One of the effects of all the tropical weather we’ve had over the past few weeks is that it has largely kept the warm, humid air around longer than normal. While daytime temperatures this month have been normal to slightly above normal, it’s the nighttime lows that haven’t been allowed to get to their typical 65 degrees because of the moisture in the air. Through yesterday, Atlanta is 3 degrees warmer than usual for the month.
After tomorrow, that’s going to change, and in fact for a few days, North Georgia will have temperatures lower than normal.
As the remnants of Hurricane Ike race northward, a cold front will reach the Atlanta area late Sunday night, bringing a chance of rain as the front passes through tonight and tomorrow. By Monday night, lows will drop into the low 60s, and for the rest of the week, we’ll see pleasant weather, with highs around 80, lows possibly in the upper 50s, with much lower humidity.
For the week of the 21st, we could see overnight temperatures in the low 50s, still a bit cooler than the normal low 60s. Fall starts a week from Monday, and we’re in the time of year when the average daily temperature drops rapidly. In September, the average at the beginning of the month is 76 degrees, while by month’s end, it drops to 68. By Halloween, the average Atlanta temperature is 58.

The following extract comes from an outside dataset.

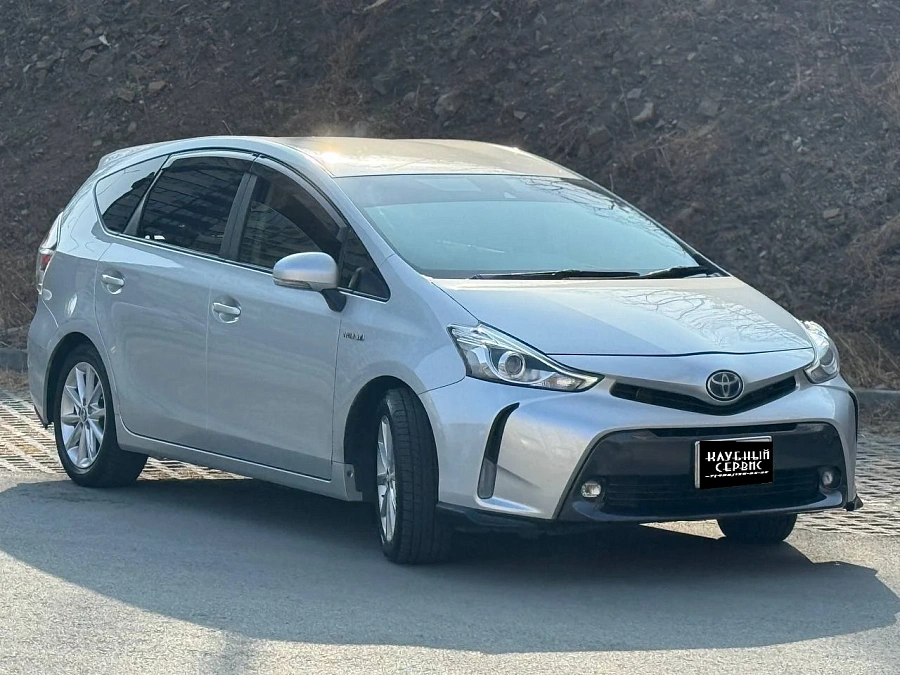 Toyota Prius Alpha, 2016г., передний привод, автомат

In addition to causing rising gasoline prices (and some gas shortages), Ike was responsible for plenty of destruction in south Texas. Although it was a category 2 storm on the ground at landfall, there were category 4 wind speeds a few hundred feet in the air, causing significant damage to Houston skyscrapers.
But, it wasn’t the ultimate storm that some were predicting. Ike made landfall about 30 miles east of what was predicted by the Hurricane Center. That small change in path meant that instead of 22-25 foot storm surges that would have been pushed up the Houston ship channel, the maximum appears to have been only around 12-13 feet; something the area was better prepared for.
The good news is that two major American cities, New Orleans and Houston, each were spared from catastrophe from Gustav and Ike. The risk is that with warnings of Gustav being “the storm of the century” from New Orleans Mayor Ray Nagin, and weather service warnings of “certain death” from Ike, residents of storm-prone regions may be less willing to evacuate if and when the big one comes.